The benefit/effectiveness of CEC in the aquarium has always been difficult to measure, but it has always been assumed that more is better.


----------



## plantbrain (Dec 15, 2003)

Clay loams have very high CEC, eg rice paddy soil or ADA AS etc.........
They also have more nutrients that are bioavailable.

Bit messier than Hard sands etc........

But offer more to the plants.

Potting soil is a bit more larger and more OM, and less clays..........but works well too.

Compost can vary.


----------



## FishFarmer (Feb 8, 2007)

Robert H said:


> Where are you getting that information from? Clay gravel of any kind does have relatively high CEC. Some types of clay have extremely high CEC. People haven't talked much about CEC in the forums for years, but back in the 90s it was all the rage. Flourite is low compared to other clays. Eco complete hasn't been included in any studies I know of.


Yes, I realize that all clays have decent CEC, but when they are fired in a kiln, you are essentially altering the molecular structure of the clay, thus reducing its CEC. Clays have a high CEC because of the isomorphic substitutions and the incredible surface area of clays (some clays have up to 800 square meters of surface area per gram of soil!)

That link you provided is where I remember looking up the CEC for Flourite, and as you can see, it is rated at 1.7meq/100g. That is not very good as far as I'm concerned. I've never seen an exact measure for Eco, but I would guess it would be somewhere around the same as Flourite. But, I guess relatively speaking, Flourite and Eco are some of the better substrate choices for CEC when compared to gravel or sand.

As for a good substrate that would have a high CEC, the only really good one would be mineralized topsoil--but even topsoil is highly variable (depends where it's from and under what conditions the soil formed). Trying to find a really high CEC substrate for aquariums is a crap-shoot if you ask me.

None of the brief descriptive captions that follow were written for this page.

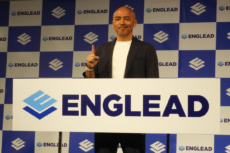 小野伸二＆ENGLEAD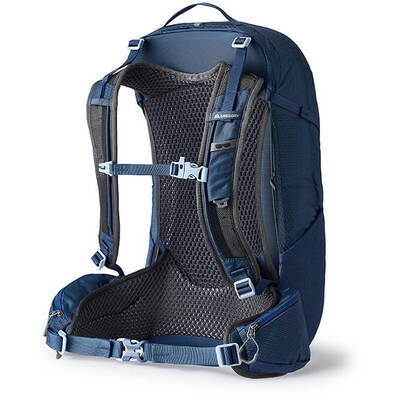 Trekking backpack - Gregory Juno 24 Vintage Blue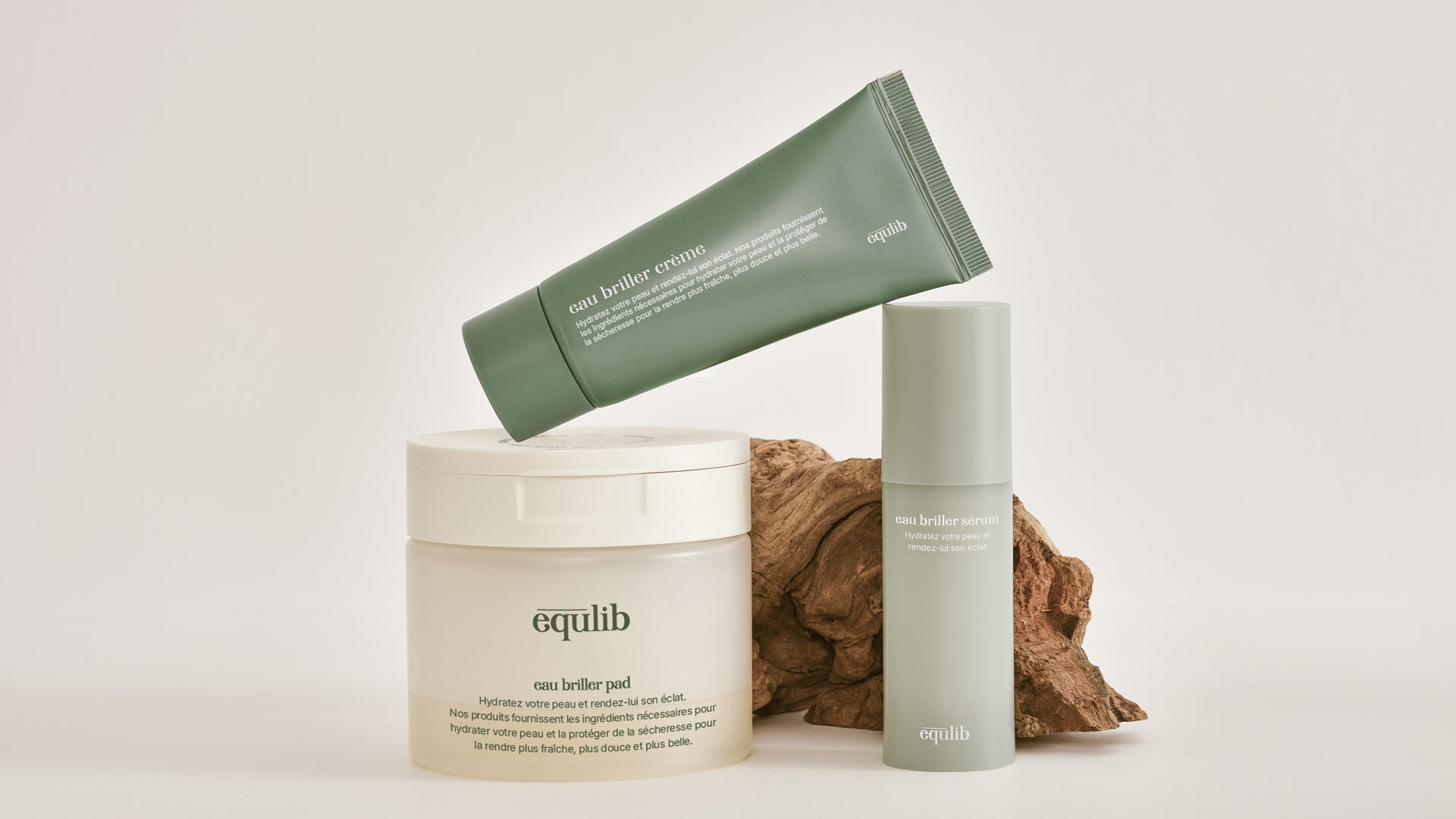 equlib Balance-SET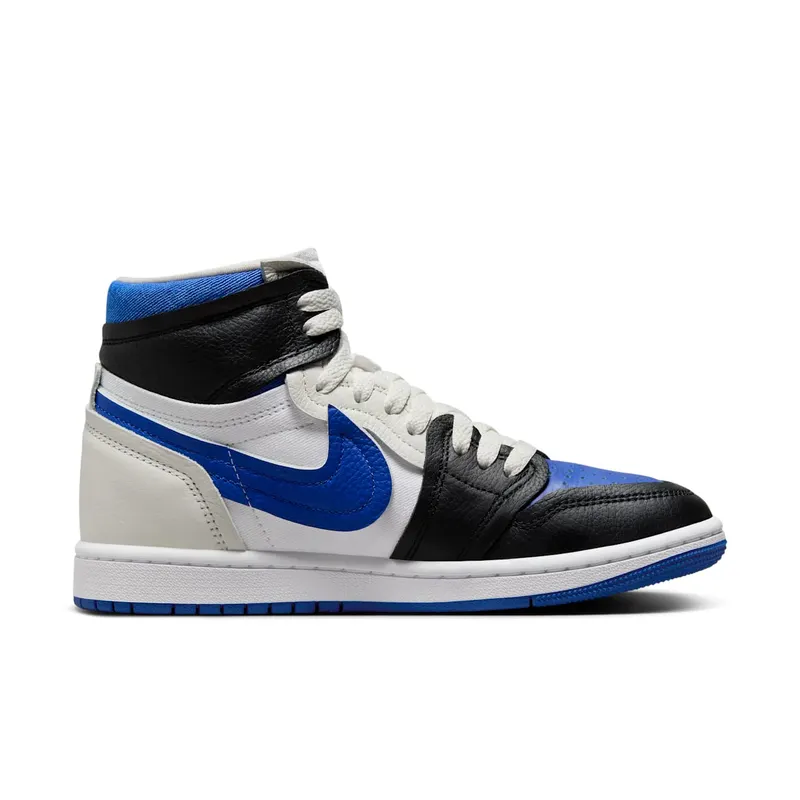 Jordan 1 High Method of Make Royal Toe (FB9891-041)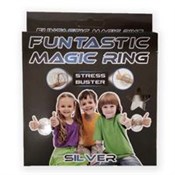 Magic ring... -  foreign books in polish 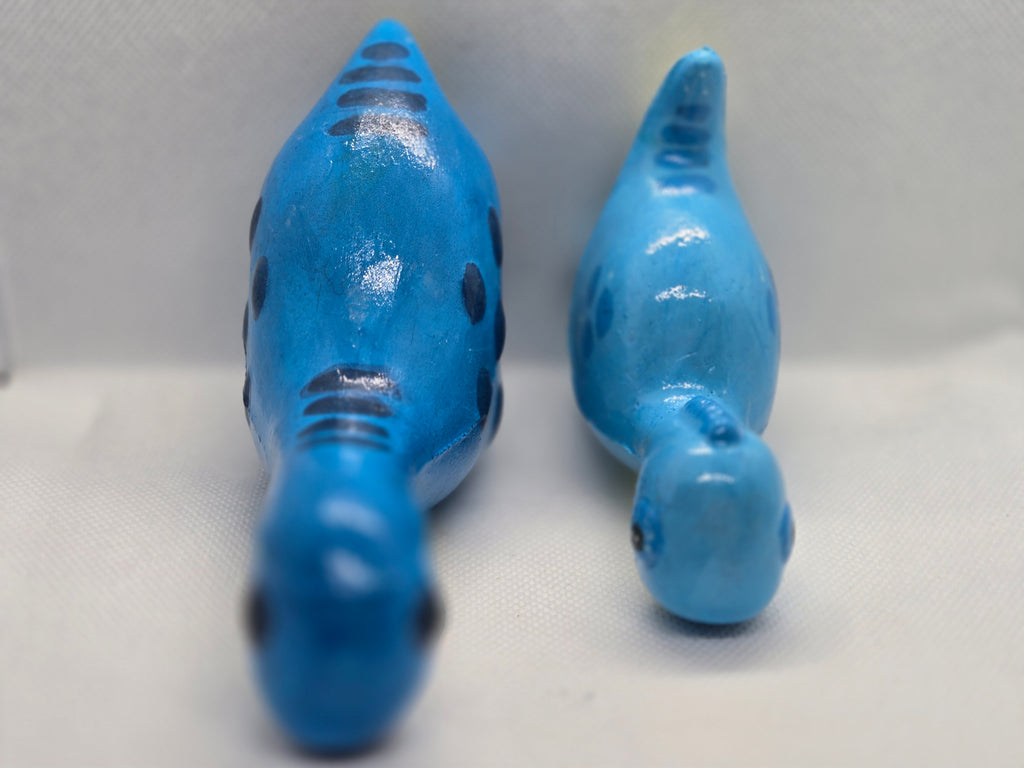 Apatosaurus Dino Family Squishies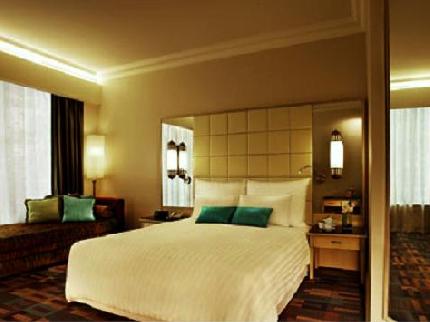 فندق صنواي لاجون ماليزيا - Sunway Lagoon Hotel 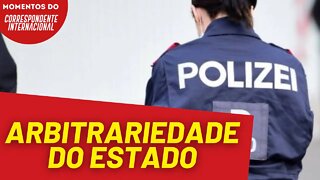 O lockdown na Áustria e a obrigatoriedade da vacina | Momentos do Correspondente Internacional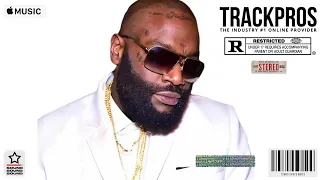 Rick Ross Type Beat 2024 - "Mob Movie"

And sorry about the repeat posts :icon_lol:. IDK how that happened


----------



## Robert H (Apr 3, 2003)

but you are mistaken, firing the clay actually raises the CEC, and when its fracted into small pieces, that raises it more. That is shown in the study- and Jamie explains this in the study. Schults/Profile is one of the highest CEC of all the mediums tested, and it is kiln fired and fracted.


----------



## FishFarmer (Feb 8, 2007)

That is interesting, because I recall reading a paper where heating a clay decreased the CEC, and I remember my soils professor taking about heating clays and reducing CEC. And I agree with you, fracturing any clay would increase it's CEC because you are increasing its surface area--I don't think there's any debating that point.

I do suppose however, that the type of clay would influence whether heating would increase or decrease CEC. I could see that heating a 1:1 such as kaolinite could increase the CEC since it has no inner layer that could collapse. But I still don't see how heating a 2:1 clay, especially a hydroxy-interlayered clay like smectite, would increase its CEC since a majority of its CEC is directly due to cations being able to access the inner layer of the clay--and if that inner layer collapses than those CEC sites are no longer available to bind a cation.

I'll see if I can dig up some literature on this.


----------